Modelling the mass-metallicity relation of star-forming galaxies from z ~ 3.5 to z ~ 0

TL;DR

This paper presents a numerical chemical evolution model explaining the cosmic evolution of the mass-metallicity relation in star-forming galaxies from redshift 3.5 to 0, incorporating time-dependent outflows or IMF variations.

Contribution

It introduces a model that successfully reproduces the observed two-phase evolution of the MZR and its relation to galaxy star formation, considering variable outflows or IMF slopes.

Findings

The MZR exhibits a transition around z ~ 1.5, with a flattening trend afterward.

Both variable metal outflow and IMF models fit the observed MZR evolution well.

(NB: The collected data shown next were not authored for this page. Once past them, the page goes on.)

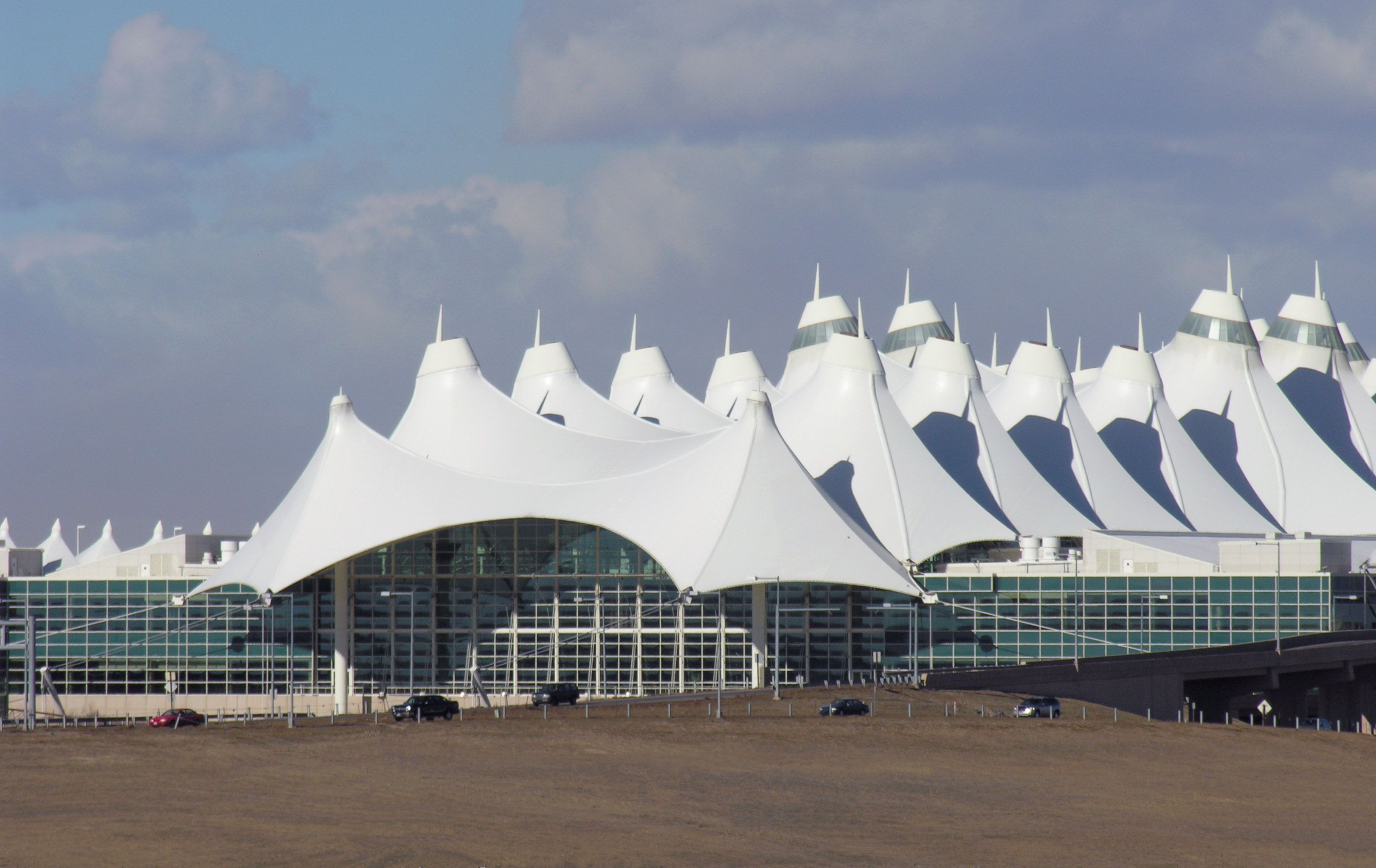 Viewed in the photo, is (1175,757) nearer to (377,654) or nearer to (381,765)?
(381,765)

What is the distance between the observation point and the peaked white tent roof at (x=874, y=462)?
6031 cm

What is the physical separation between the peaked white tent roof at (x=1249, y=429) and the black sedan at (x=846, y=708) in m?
36.2

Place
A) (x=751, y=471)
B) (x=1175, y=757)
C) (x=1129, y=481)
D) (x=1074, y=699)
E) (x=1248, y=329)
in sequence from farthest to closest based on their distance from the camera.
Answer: (x=1248, y=329) → (x=1129, y=481) → (x=751, y=471) → (x=1074, y=699) → (x=1175, y=757)

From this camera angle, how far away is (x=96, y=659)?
2288 inches

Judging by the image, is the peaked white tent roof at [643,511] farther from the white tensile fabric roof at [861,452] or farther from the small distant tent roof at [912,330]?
the small distant tent roof at [912,330]

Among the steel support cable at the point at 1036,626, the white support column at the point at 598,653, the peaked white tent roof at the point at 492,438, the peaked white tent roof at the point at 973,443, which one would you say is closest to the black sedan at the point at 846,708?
the steel support cable at the point at 1036,626

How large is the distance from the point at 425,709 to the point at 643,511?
11.6 m

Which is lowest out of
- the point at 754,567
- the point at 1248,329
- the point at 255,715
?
the point at 255,715

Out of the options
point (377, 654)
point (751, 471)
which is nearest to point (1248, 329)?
point (751, 471)

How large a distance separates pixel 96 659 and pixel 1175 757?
33981 mm

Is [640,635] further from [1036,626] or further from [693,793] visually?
[693,793]

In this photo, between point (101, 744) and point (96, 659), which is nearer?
point (101, 744)

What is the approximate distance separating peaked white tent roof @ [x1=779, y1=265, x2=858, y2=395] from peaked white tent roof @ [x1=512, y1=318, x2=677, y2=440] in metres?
13.9

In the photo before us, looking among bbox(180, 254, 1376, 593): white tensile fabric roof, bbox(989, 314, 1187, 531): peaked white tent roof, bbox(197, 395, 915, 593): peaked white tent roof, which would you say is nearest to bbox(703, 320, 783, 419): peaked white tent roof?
bbox(180, 254, 1376, 593): white tensile fabric roof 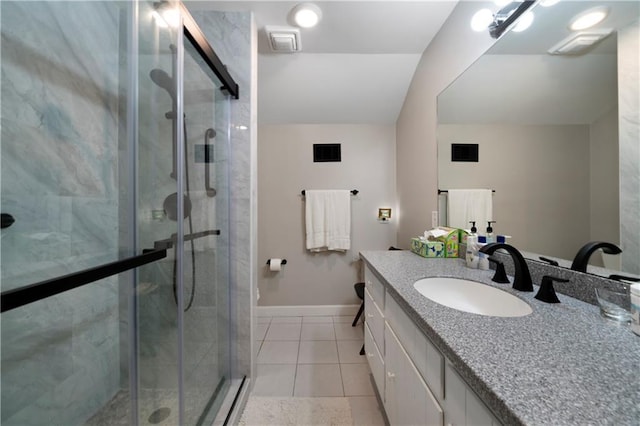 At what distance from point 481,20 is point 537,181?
0.94 metres

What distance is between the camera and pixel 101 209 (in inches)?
41.5

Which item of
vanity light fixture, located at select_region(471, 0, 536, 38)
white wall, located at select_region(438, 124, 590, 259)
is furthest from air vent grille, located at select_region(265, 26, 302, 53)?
white wall, located at select_region(438, 124, 590, 259)

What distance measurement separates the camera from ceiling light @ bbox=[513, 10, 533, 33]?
973 millimetres

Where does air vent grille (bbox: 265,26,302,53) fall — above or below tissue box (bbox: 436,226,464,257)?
→ above

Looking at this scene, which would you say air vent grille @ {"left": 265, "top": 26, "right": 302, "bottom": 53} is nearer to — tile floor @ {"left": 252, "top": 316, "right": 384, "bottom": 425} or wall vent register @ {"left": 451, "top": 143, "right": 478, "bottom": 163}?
wall vent register @ {"left": 451, "top": 143, "right": 478, "bottom": 163}

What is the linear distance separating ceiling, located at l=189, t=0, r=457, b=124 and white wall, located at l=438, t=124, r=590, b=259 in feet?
2.86

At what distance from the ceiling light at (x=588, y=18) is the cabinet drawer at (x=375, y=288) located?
127cm

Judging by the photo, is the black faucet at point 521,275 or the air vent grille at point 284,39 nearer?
the black faucet at point 521,275

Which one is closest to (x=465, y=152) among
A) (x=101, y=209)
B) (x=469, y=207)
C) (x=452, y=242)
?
(x=469, y=207)

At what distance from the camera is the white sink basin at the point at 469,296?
0.85 meters

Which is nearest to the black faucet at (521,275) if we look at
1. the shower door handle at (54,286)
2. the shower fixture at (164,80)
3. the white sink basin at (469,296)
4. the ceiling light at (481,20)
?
the white sink basin at (469,296)

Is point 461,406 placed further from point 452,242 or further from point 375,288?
point 452,242

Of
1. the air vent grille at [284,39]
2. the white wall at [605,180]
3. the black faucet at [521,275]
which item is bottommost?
the black faucet at [521,275]

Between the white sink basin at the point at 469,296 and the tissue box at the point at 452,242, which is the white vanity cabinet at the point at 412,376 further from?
the tissue box at the point at 452,242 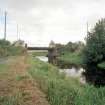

The model aligns with the evolution of the galaxy main sequence.

Abstract

We study the origin and cosmic evolution of the mass-metallicity relation (MZR) in star-forming galaxies based on a full, numerical chemical evolution model. The model was designed to match the local MZRs for both gas and stars simultaneously. This is achieved by invoking a time-dependent metal enrichment process which assumes either a time-dependent metal outflow with larger metal loading factors in galactic winds at early times, or a time-dependent Initial Mass Function (IMF) with steeper slopes at early times. We compare the predictions from this model with data sets covering redshifts 0<z<3.5. The data suggests a two-phase evolution with a transition point around z ~ 1.5. Before that epoch the MZRgas has been evolving parallel with no evolution in the slope. After z ~ 1.5 the MZRgas started flattening until today. We show that the predictions of both the variable metal outflow and the variable IMF model match these observations very well. Our model also reproduces the evolution of the main sequence, hence the correlation between galaxy mass and star formation rate. We also compare the predicted redshift evolution of the MZRstar with data from the literature. As the latter mostly contains data of massive, quenched early-type galaxies, stellar metallicities at high redshifts tend to be higher in the data than predicted by our model. Data of stellar metallicities of lower-mass (< 10^11 solar mass), star-forming galaxies at high redshift is required to test our model.